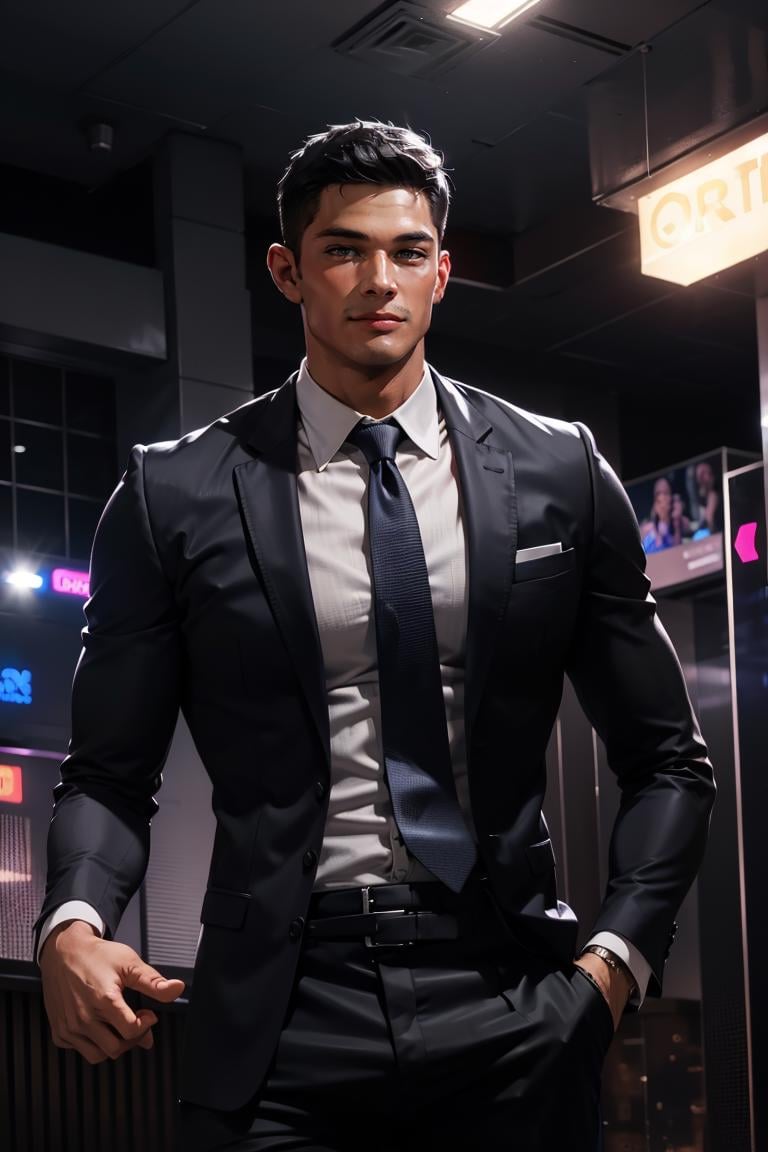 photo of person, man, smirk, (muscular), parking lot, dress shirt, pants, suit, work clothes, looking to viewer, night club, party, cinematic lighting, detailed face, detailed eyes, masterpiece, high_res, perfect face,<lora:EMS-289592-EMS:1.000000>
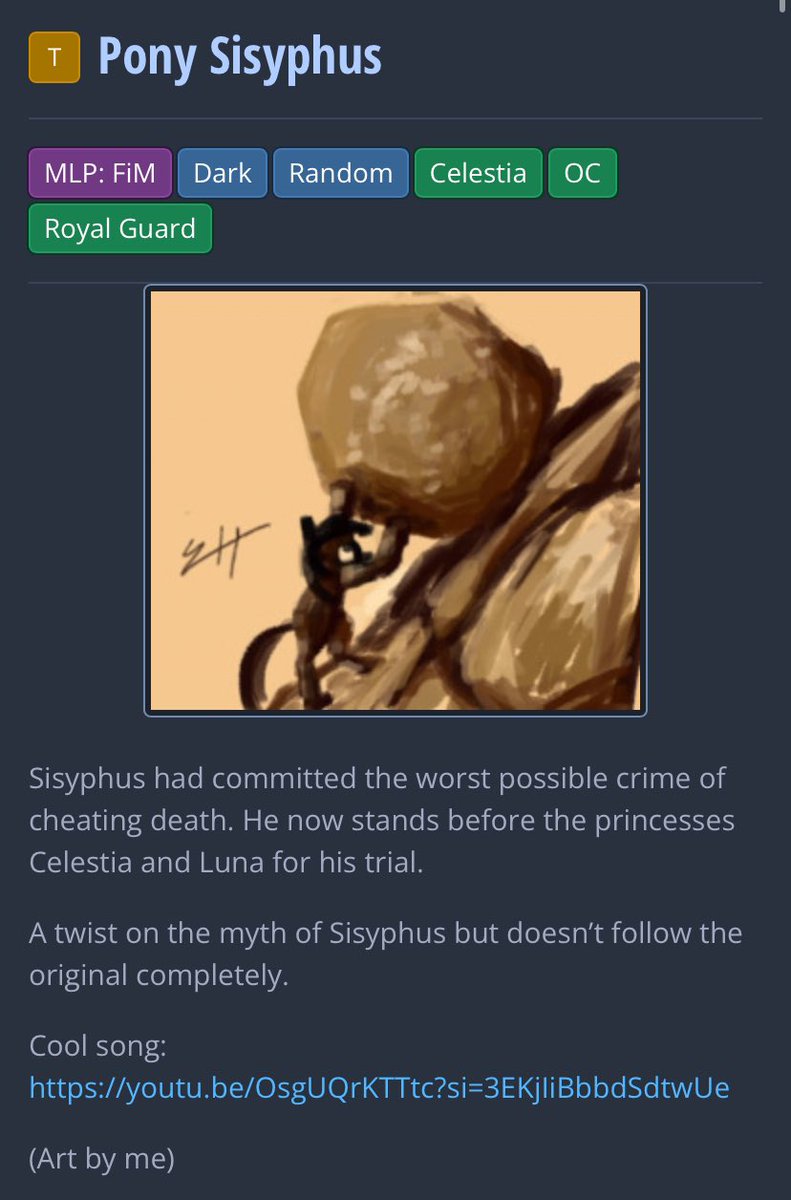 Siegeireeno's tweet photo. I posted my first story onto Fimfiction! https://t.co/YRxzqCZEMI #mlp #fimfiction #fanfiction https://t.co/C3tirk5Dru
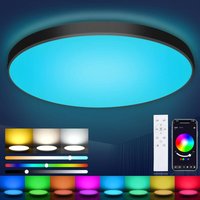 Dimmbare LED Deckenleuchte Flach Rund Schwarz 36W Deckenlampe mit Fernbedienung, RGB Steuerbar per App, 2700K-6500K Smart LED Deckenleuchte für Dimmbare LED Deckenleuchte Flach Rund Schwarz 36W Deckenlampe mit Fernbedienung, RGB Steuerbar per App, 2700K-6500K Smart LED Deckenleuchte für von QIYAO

::::::::::

__Task to carry out__
Give back the data exactly, with no images.

__Result__
 photo of person, man, smirk, (muscular), parking lot, dress shirt, pants, suit, work clothes, looking to viewer, night club, party, cinematic lighting, detailed face, detailed eyes, masterpiece, high_res, perfect face,<lora:EMS-289592-EMS:1.000000>
 Siegeireeno's tweet photo. I posted my first story onto Fimfiction! https://t.co/YRxzqCZEMI #mlp #fimfiction #fanfiction https://t.co/C3tirk5Dru
 Dimmbare LED Deckenleuchte Flach Rund Schwarz 36W Deckenlampe mit Fernbedienung, RGB Steuerbar per App, 2700K-6500K Smart LED Deckenleuchte für Dimmbare LED Deckenleuchte Flach Rund Schwarz 36W Deckenlampe mit Fernbedienung, RGB Steuerbar per App, 2700K-6500K Smart LED Deckenleuchte für von QIYAO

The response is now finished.